ABOUT THIS EXERCISE ▸ From the entries below, return every line that includes the word "SUPs".

EXCERPTED DATA ▸
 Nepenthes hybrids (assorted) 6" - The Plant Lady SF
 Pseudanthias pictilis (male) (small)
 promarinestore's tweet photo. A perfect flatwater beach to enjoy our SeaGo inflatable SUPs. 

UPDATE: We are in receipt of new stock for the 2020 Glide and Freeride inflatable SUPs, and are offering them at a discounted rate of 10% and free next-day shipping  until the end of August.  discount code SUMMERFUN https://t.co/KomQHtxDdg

...

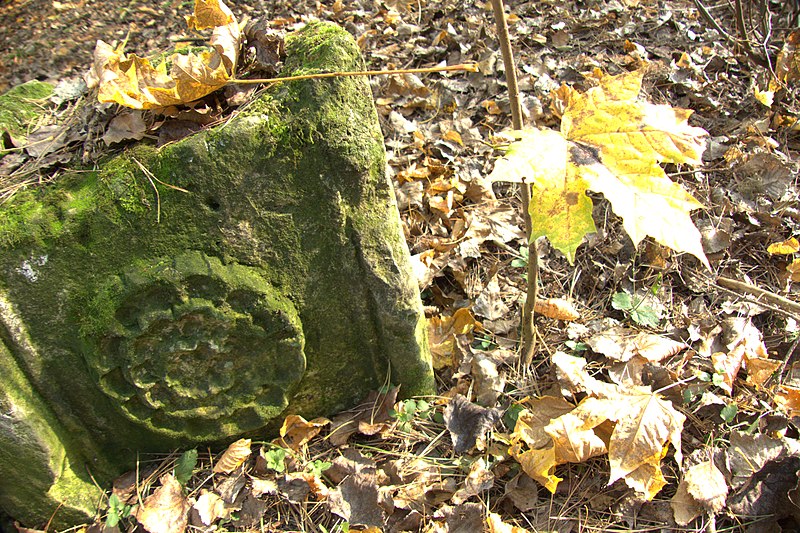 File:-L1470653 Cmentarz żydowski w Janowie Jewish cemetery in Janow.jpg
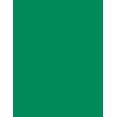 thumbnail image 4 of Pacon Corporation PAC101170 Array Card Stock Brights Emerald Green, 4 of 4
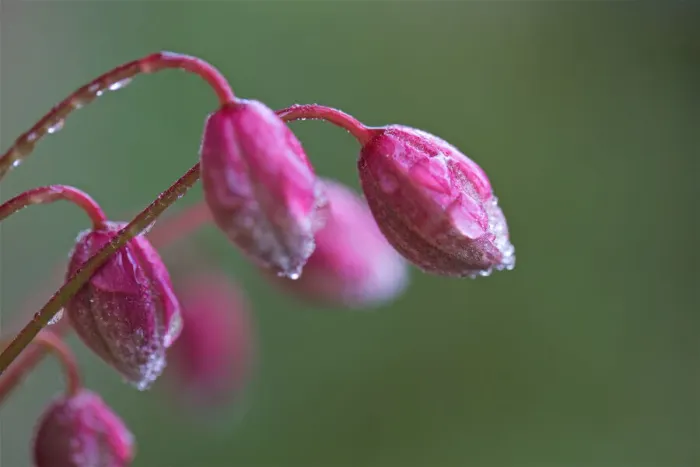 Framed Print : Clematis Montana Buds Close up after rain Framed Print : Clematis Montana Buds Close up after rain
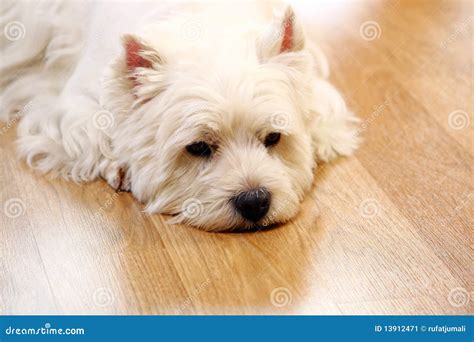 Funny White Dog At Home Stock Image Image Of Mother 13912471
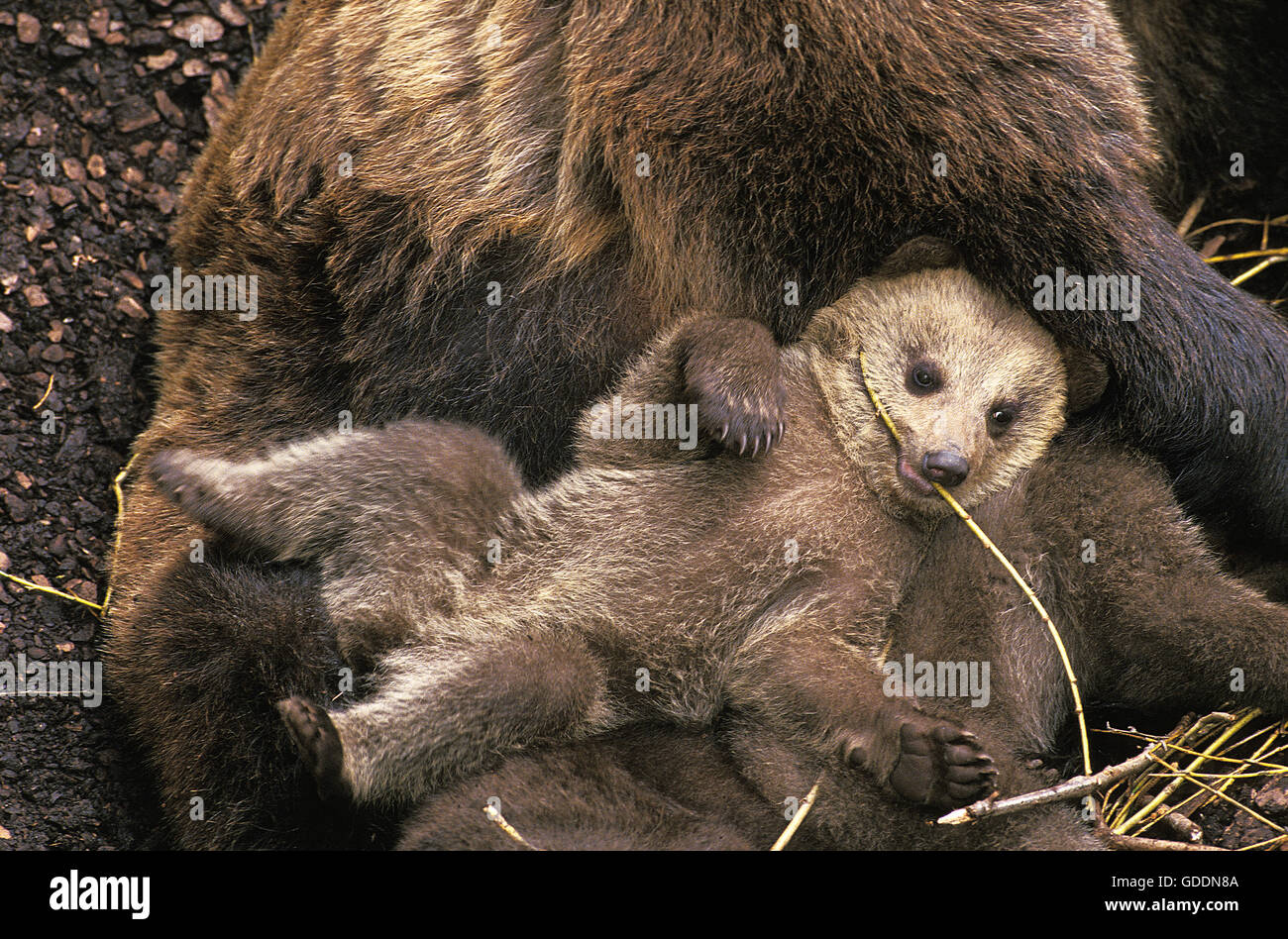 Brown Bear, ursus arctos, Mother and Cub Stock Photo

ANSWER BOX ▸
 promarinestore's tweet photo. A perfect flatwater beach to enjoy our SeaGo inflatable SUPs. 
UPDATE: We are in receipt of new stock for the 2020 Glide and Freeride inflatable SUPs, and are offering them at a discounted rate of 10% and free next-day shipping  until the end of August.  discount code SUMMERFUN https://t.co/KomQHtxDdg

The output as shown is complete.